The event is expected to draw about 3,000 youth runners from across the country to Tom Sawyer Park.
The Country School students and Madison residents 7th Grader Tillie, 5th Grader Liv, and 3rd Grader Lexie Killam of Madison are all Country School students and will be joined in Louisville by schoolmates 4th Grader Harper Merrill and 3rd Grader Luke Ouellet. All five are members of the Litchfield Track Club Racing Team and they set personal records in the qualifying competition in Lake George, NY, by finishing among the top 30 athletes in their age brackets.
When not running and racing, Tillie, Liv, and Lexie play lacrosse and field hockey, condition off-season through Ninja training, and play musical instruments. They are part of the girls XC team that last year won the Connecticut State XC Championship and this year joined the Country School boys’ team in taking second place, defeating most of the public and private schools in Connecticut.
Tillie, Liv, Lexie, Luke and Harper are part of The Country School’s successful running program that has sent more runners over the last decade to the National Junior Olympics (49), Connecticut Junior Olympics (149), and the Northeast Junior Olympics (132) than any other school in New England. The school’s optional cross country program begins in Kindergarten and has produced a national champion, a runner-up champion, and six All-Americans. Former Country School runners are racing at the high school and college levels, including varsity runners for such programs as Notre Dame and Holy Cross. Most are captains of their teams and, after having been recruited to colleges and universities, some have earned college scholarships.

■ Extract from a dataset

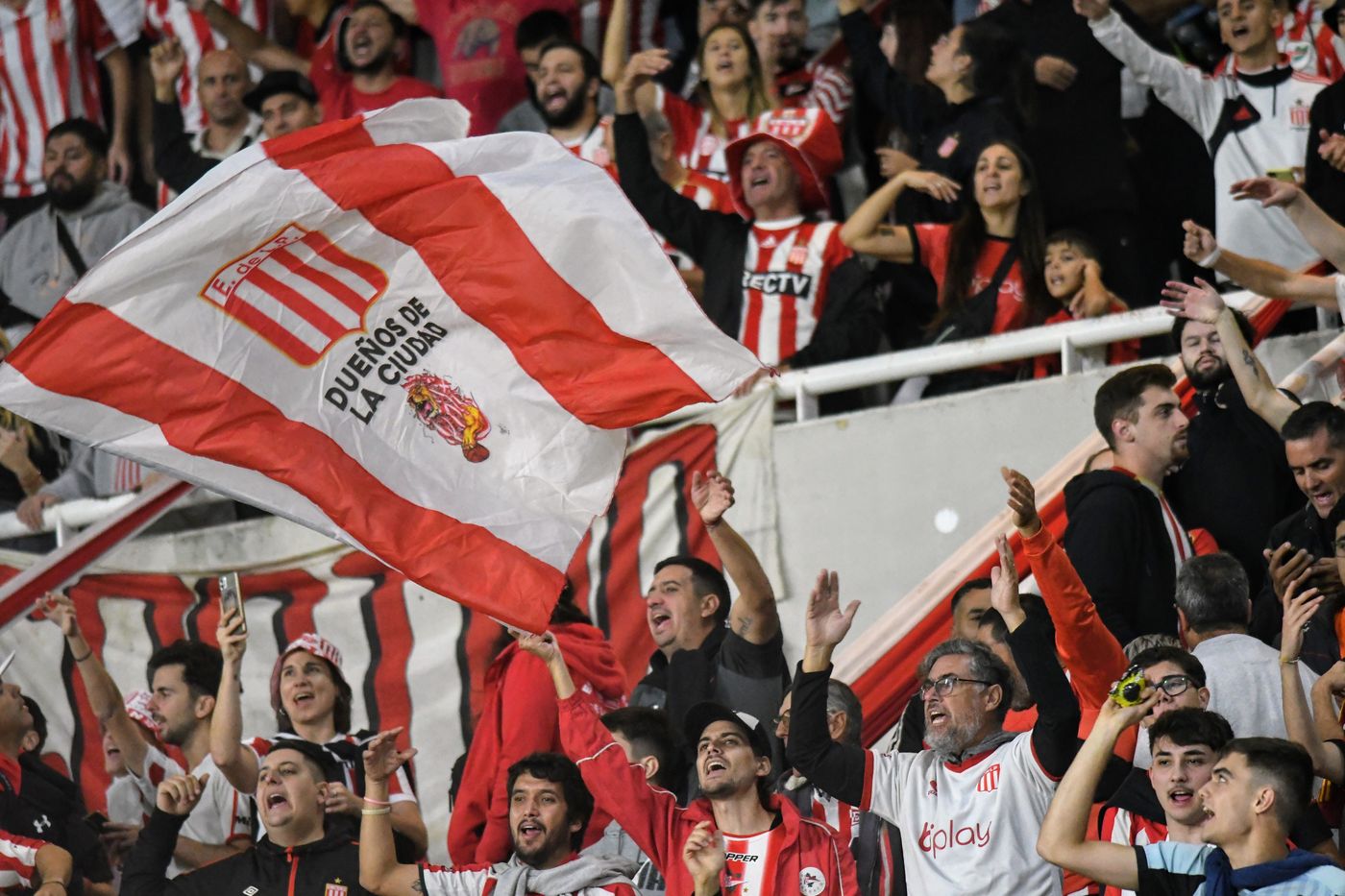 Hinchas de Estudiantes (14).JPG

The junior varsity and varsity and girls and boys are coached by three coaches. Their Head of School, John Fixx, son of Jim Fixx, the famous author who revolutionized running and road racing in the 1970s and 80s with the number one best selling book, The Complete Book of Running, and then its sequel, Jim Fixx’s Second Book of Running. Also coaching is history teacher and Director of Community Engagement Will McDonough. A gifted runner who still holds records throughout Vermont, Will captained his high school and Middlebury College’s teams. Impressively, Will has broken the 5:00 minute mile 22 years in a row. Rounding out the coaching team, is triathlete Adriana Castillo, the runners’ Spanish teacher, who brings her knowledge of pacing, training and recovery to her alert runners.
Where Premier running club coaches see their athletes maybe once a week and some communicate only by email and phone, Will, Adriana and John see their runners many times throughout the day on their small campus of 215 children from PreSchool-8th Grade. That proximity allows them as coaches to monitor the student-athletes’ moods, health, sleep patterns, recovery, and address any injuries or stress.
The goal of Country School’s cross country program is to have students learn to care for their health, enjoy the sport and team spirit, get faster as individuals, and eventually do their best running in high school, college and beyond. The coaches guard against runner burn-out and are always seeking that balance that pushes their athletes hard enough to gain satisfactory improvement but not to dread the sport. The kind of discipline and delayed gratification that cross country requires transfers well into the classroom, allowing students to push themselves to complete assignments, labs and papers even when fatigued.
Founded in 1955, The Country School serves students in PreSchool-Grade 8 on its 23-acre campus in Madison. The Country School honors students’ creativity, sense of wonder, and intellectual curiosity. The school’s integrated curriculum, successful athletics program, and robust arts program provide opportunities for character and leadership development.